- _GOAL OF THE EXERCISE_: Write down, unchanged, the entries from the first line through the line holding "a bathroom with". Include no other line.

----

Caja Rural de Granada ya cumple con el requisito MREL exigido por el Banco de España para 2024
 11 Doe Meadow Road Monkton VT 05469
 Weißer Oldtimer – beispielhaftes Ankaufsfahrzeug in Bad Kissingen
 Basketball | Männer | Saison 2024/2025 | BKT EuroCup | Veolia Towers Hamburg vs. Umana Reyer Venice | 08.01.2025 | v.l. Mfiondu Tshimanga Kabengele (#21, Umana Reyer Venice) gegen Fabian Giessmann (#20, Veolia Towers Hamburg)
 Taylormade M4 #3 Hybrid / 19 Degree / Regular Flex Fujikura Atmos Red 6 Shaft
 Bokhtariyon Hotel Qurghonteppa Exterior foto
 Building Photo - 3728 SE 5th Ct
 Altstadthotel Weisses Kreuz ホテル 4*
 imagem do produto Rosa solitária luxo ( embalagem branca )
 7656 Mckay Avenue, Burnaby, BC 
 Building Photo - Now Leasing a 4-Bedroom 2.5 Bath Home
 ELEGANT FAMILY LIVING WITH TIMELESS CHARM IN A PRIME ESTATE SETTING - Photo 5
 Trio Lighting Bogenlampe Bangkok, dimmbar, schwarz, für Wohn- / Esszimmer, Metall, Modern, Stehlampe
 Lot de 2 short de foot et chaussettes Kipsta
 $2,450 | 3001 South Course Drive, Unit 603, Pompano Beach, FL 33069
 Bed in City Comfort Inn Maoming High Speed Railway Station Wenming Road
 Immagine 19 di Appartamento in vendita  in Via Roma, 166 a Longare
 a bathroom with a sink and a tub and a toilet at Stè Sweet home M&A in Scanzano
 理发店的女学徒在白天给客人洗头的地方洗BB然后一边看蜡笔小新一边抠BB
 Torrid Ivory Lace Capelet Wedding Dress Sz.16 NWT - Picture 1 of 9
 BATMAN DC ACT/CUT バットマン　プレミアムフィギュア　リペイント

----

- _SOLUTION TO THIS TASK_:
Caja Rural de Granada ya cumple con el requisito MREL exigido por el Banco de España para 2024
 11 Doe Meadow Road Monkton VT 05469
 Weißer Oldtimer – beispielhaftes Ankaufsfahrzeug in Bad Kissingen
 Basketball | Männer | Saison 2024/2025 | BKT EuroCup | Veolia Towers Hamburg vs. Umana Reyer Venice | 08.01.2025 | v.l. Mfiondu Tshimanga Kabengele (#21, Umana Reyer Venice) gegen Fabian Giessmann (#20, Veolia Towers Hamburg)
 Taylormade M4 #3 Hybrid / 19 Degree / Regular Flex Fujikura Atmos Red 6 Shaft
 Bokhtariyon Hotel Qurghonteppa Exterior foto
 Building Photo - 3728 SE 5th Ct
 Altstadthotel Weisses Kreuz ホテル 4*
 imagem do produto Rosa solitária luxo ( embalagem branca )
 7656 Mckay Avenue, Burnaby, BC 
 Building Photo - Now Leasing a 4-Bedroom 2.5 Bath Home
 ELEGANT FAMILY LIVING WITH TIMELESS CHARM IN A PRIME ESTATE SETTING - Photo 5
 Trio Lighting Bogenlampe Bangkok, dimmbar, schwarz, für Wohn- / Esszimmer, Metall, Modern, Stehlampe
 Lot de 2 short de foot et chaussettes Kipsta
 $2,450 | 3001 South Course Drive, Unit 603, Pompano Beach, FL 33069
 Bed in City Comfort Inn Maoming High Speed Railway Station Wenming Road
 Immagine 19 di Appartamento in vendita  in Via Roma, 166 a Longare
 a bathroom with a sink and a tub and a toilet at Stè Sweet home M&A in Scanzano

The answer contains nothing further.